And the retired chief engineer of a starship. As I recall, he and Geordie were having a lot of fun talking about warp engines.

I had the great privilege of meeting Theodore Bikel in summer of 1962. He sang a concert to a capacity audience (3,100) in the brand new Seattle Center Opera House during the Seattle World's Fair. A most enjoyable and entertaining concert. Just he and his guitar. Like his records, particular his live concert record, "Bravo Bikel," he sang songs in many languages, often humorously introduced, and with brief sub-titles when needed. He mentioned that it was nice to be out doing concerts again, having recently escaped from a long run of nightly performances of "The Sound of Music," as he put it, "surrounded by twenty nuns and seven children."

He described how he decided to take up the guitar. At one time, he had a roommate who played the guitar. When the roommate went away, he left no forwarding address?but he did leave his guitar. "That's worse than leaving a woman behind," Bikel said. "A woman can follow. But a guitar can't. So I kept it!"

I got the word that for a couple of hours the following day he would be at Campus Music and Gallery, a record store in the University District (my stomping ground), to autograph record albums. Nancy Quensé and I both arrived before 2:00 p.m., the appointed time, along with a couple of other people, and there was Bikel, sitting in front of the counter by a big stack of his records waiting to start autographing them.

It seems, however, that someone goofed and the word hadn't got out. Jim Bates, the store owner, apologized profusely about the mix-up. But Bikel was cool. He actually seemed relieved to be able to just relax and sit and chat with us. So for about two hours, a half dozen of us sat around in front of the counter and gabbed with him. A few people wandered into the shop to browse, and looked curiously at this clump of people sitting and talking in front of the counter.

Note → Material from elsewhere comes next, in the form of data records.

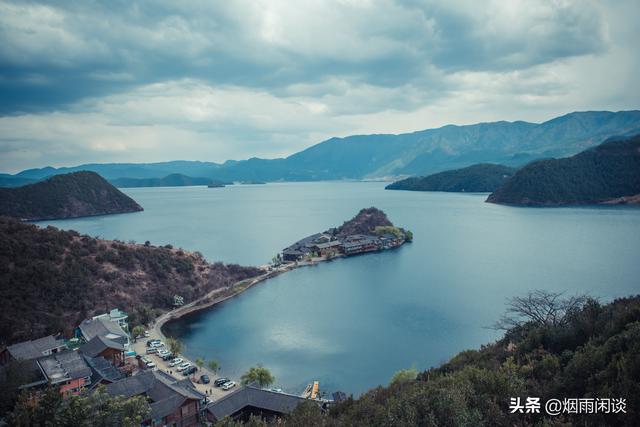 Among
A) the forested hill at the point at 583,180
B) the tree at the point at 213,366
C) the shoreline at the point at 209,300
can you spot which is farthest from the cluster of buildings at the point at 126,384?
the forested hill at the point at 583,180

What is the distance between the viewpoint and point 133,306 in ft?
75.7

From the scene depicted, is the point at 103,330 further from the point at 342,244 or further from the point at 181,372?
the point at 342,244

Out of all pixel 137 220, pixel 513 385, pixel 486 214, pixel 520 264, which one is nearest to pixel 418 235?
pixel 520 264

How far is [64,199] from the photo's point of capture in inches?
3034

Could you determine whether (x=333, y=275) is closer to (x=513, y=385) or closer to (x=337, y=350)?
(x=337, y=350)

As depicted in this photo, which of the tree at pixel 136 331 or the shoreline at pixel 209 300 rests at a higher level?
the tree at pixel 136 331

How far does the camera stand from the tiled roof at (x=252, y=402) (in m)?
12.4

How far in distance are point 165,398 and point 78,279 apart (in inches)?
535

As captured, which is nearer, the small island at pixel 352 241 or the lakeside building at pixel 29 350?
the lakeside building at pixel 29 350

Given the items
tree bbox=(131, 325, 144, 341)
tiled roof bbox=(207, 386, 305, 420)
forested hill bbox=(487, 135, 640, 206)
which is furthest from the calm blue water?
forested hill bbox=(487, 135, 640, 206)

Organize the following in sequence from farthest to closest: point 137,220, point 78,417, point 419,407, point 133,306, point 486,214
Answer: point 137,220, point 486,214, point 133,306, point 78,417, point 419,407

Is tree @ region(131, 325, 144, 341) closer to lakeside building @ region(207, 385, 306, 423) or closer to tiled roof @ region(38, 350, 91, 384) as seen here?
tiled roof @ region(38, 350, 91, 384)

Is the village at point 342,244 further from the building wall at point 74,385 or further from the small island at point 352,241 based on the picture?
the building wall at point 74,385

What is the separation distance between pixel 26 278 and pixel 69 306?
2.48 meters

Asked about his prodigious skill with languages, Bikel said that he was born in Vienna into a Jewish family, and that by the age of three he was used to switching easily between three languages, Hebrew, Yiddish, and German. With this early start, he seemed to be able to pick up languages easily, and soon learned English and French. He could speak several other languages fluently and could get along in a number of others.

He commented that the new theaters, such as the Opera House and the Playhouse were going to be a real boon to Seattle. Because of its previous lack of really desirable venues, Seattle had a reputation for not been all that attractive to many performers, but the word had already got around about the new performance halls, so people would be far more eager to come here.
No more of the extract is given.